• **Input data**
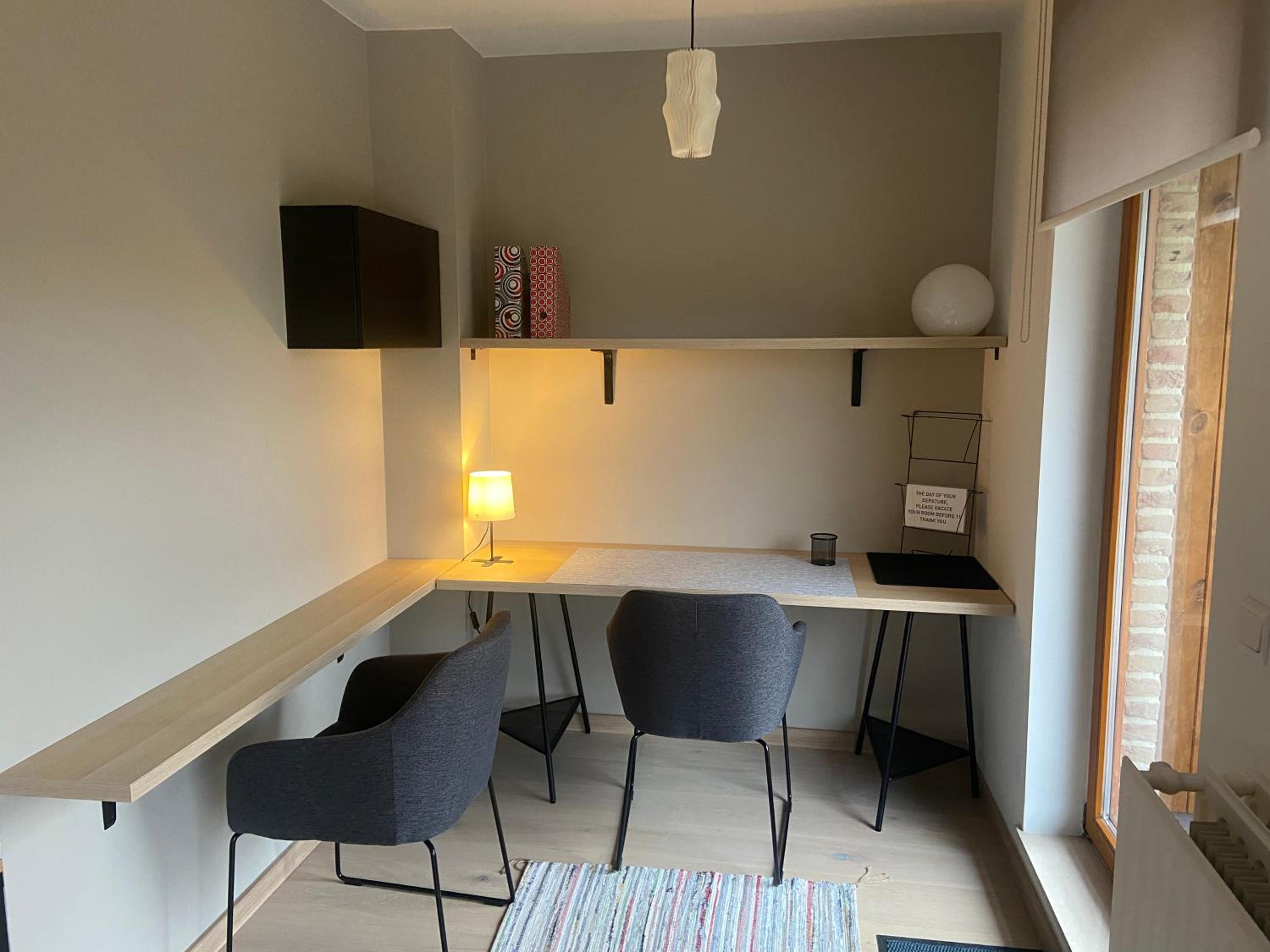 One-Bedroom Apartment photo 2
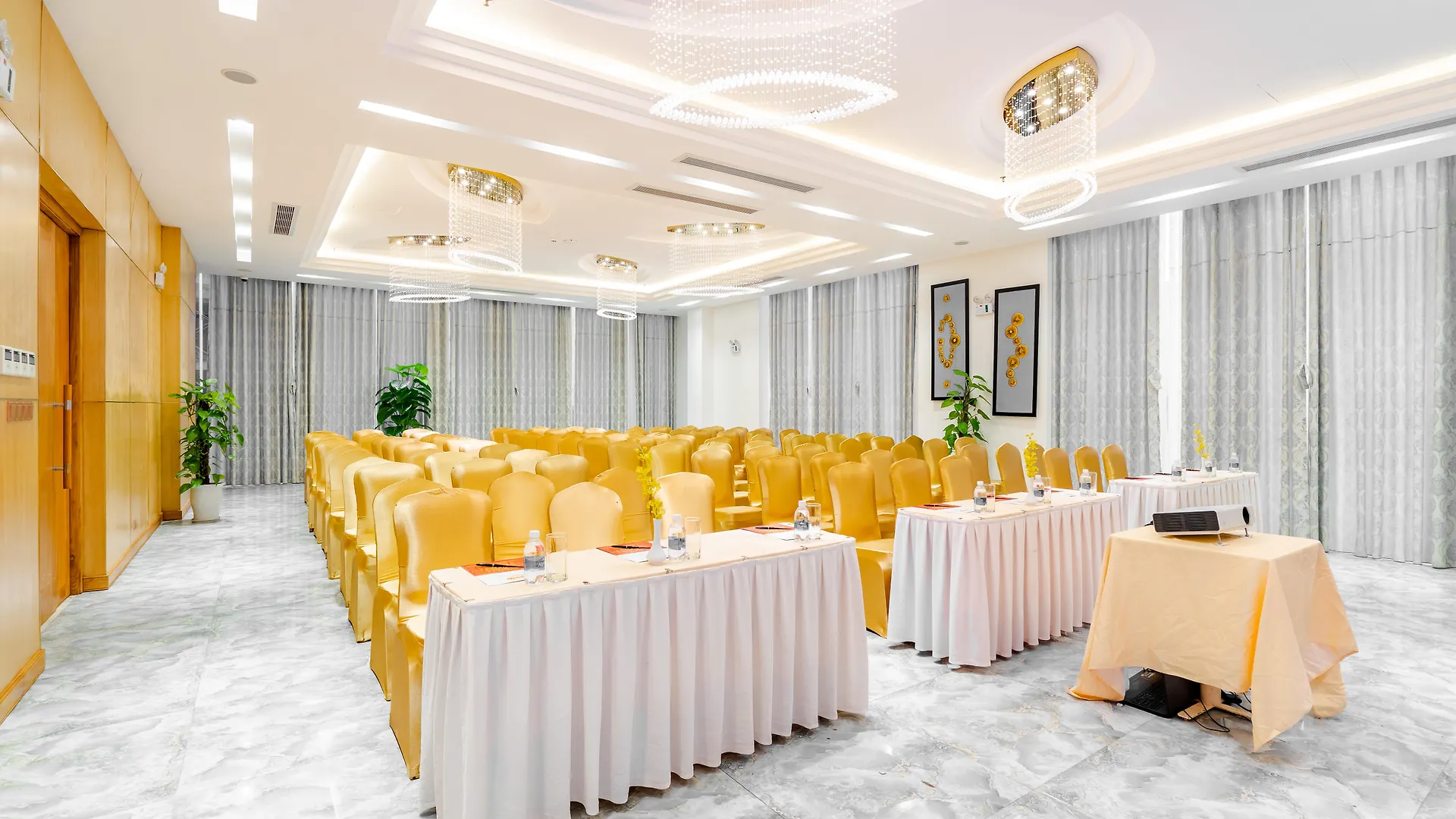 Cicilia Hotels & Spa Danang Powered By Aston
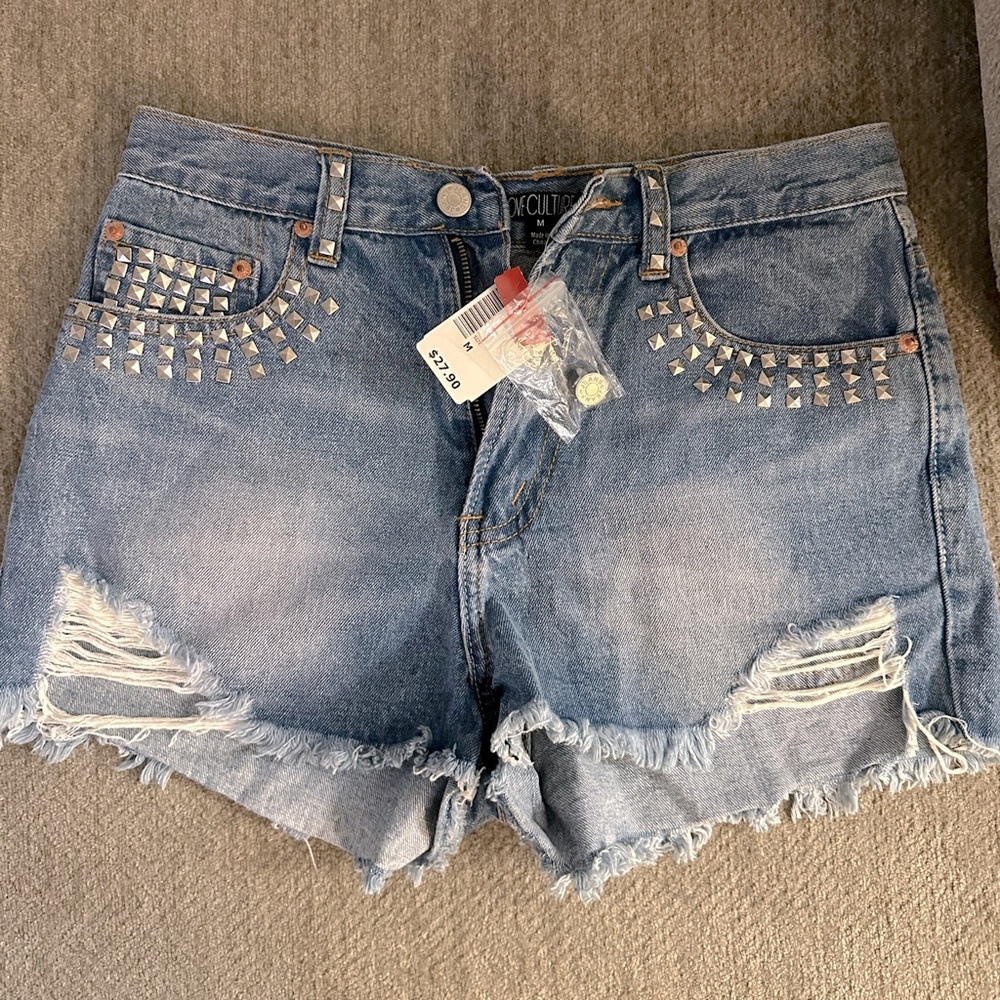 LoveCulture- M Shorts
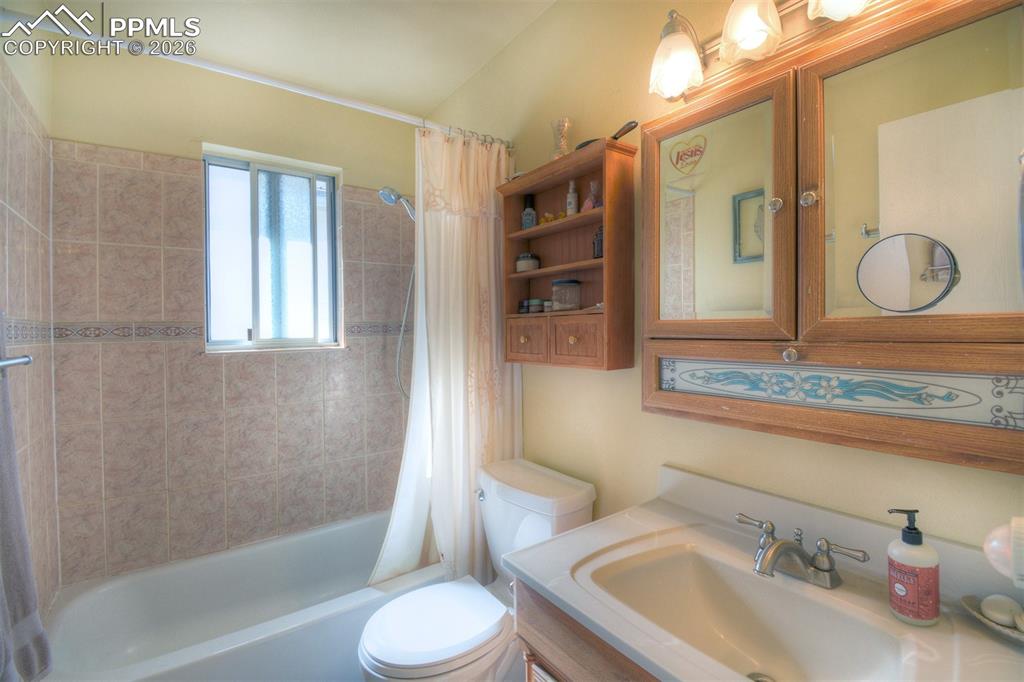 Image 14 of 25: Bathroom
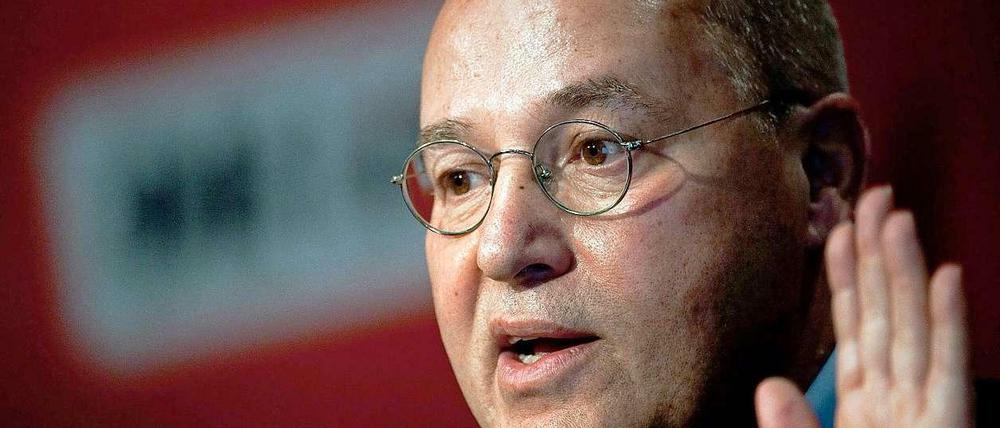 In Hinblick auf Aussagen über ehemalige Stasi-Kontakte soll Gregor Gysi eine eidesstattliche Falschaussage gemacht haben - die Hamburger Staatsanwaltschaft ermittelt.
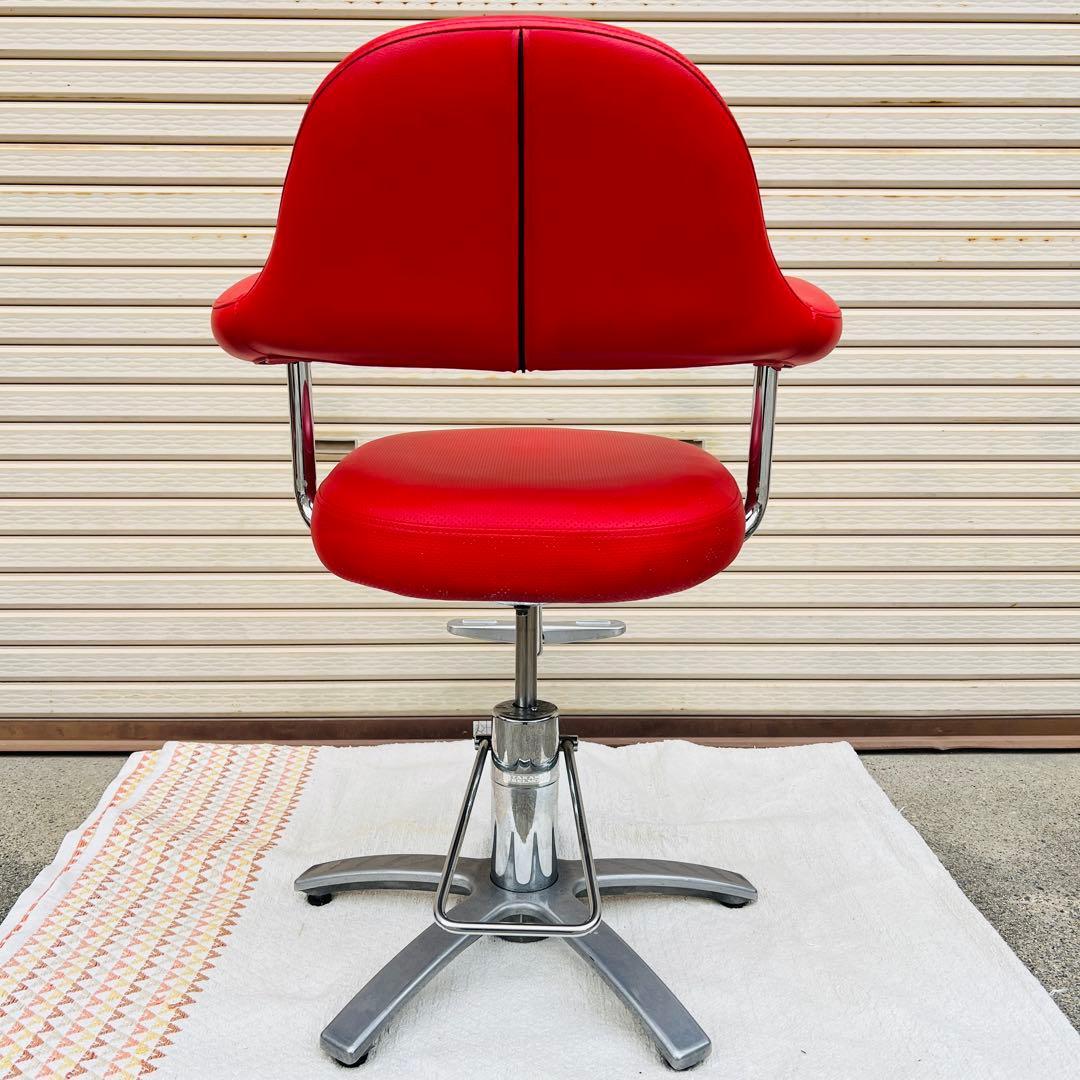 【希少】タカラベルモント製 バーバーチェア　理容椅子　モダンな赤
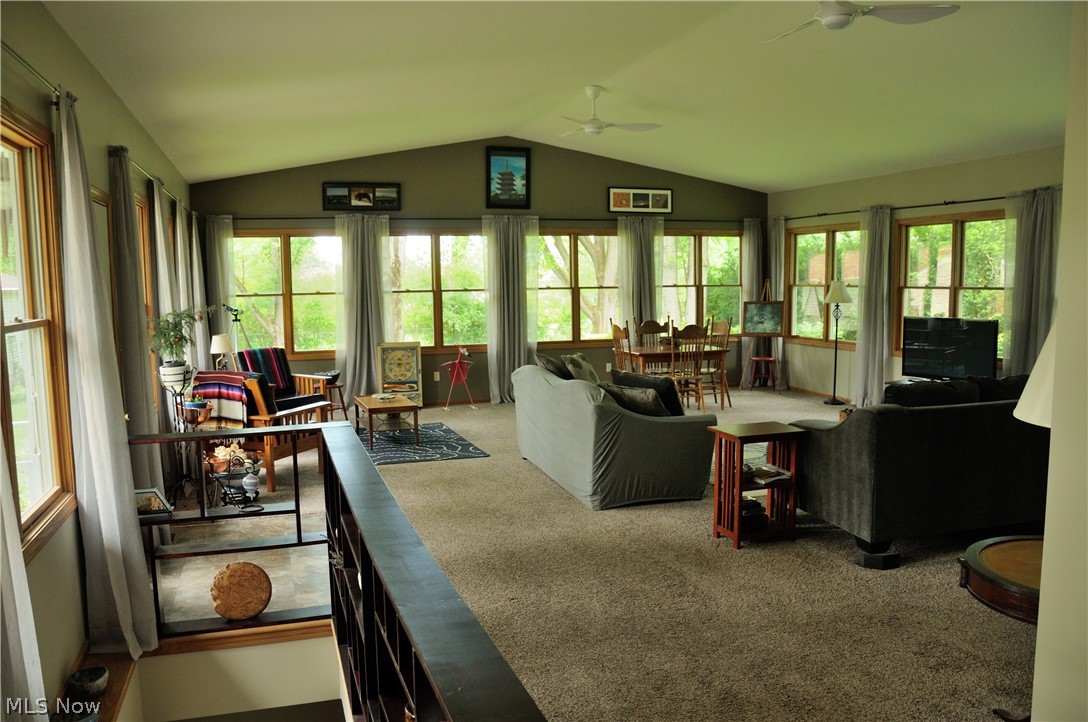 1565 Duffus Road Northeast Warren, OH 44484 - Photo 10 of 42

• **Try it**
The answer should consist of every line above, exact and free of images.

• **Exercise answer**
 One-Bedroom Apartment photo 2
 Cicilia Hotels & Spa Danang Powered By Aston
 LoveCulture- M Shorts
 Image 14 of 25: Bathroom
 In Hinblick auf Aussagen über ehemalige Stasi-Kontakte soll Gregor Gysi eine eidesstattliche Falschaussage gemacht haben - die Hamburger Staatsanwaltschaft ermittelt.
 【希少】タカラベルモント製 バーバーチェア　理容椅子　モダンな赤
 1565 Duffus Road Northeast Warren, OH 44484 - Photo 10 of 42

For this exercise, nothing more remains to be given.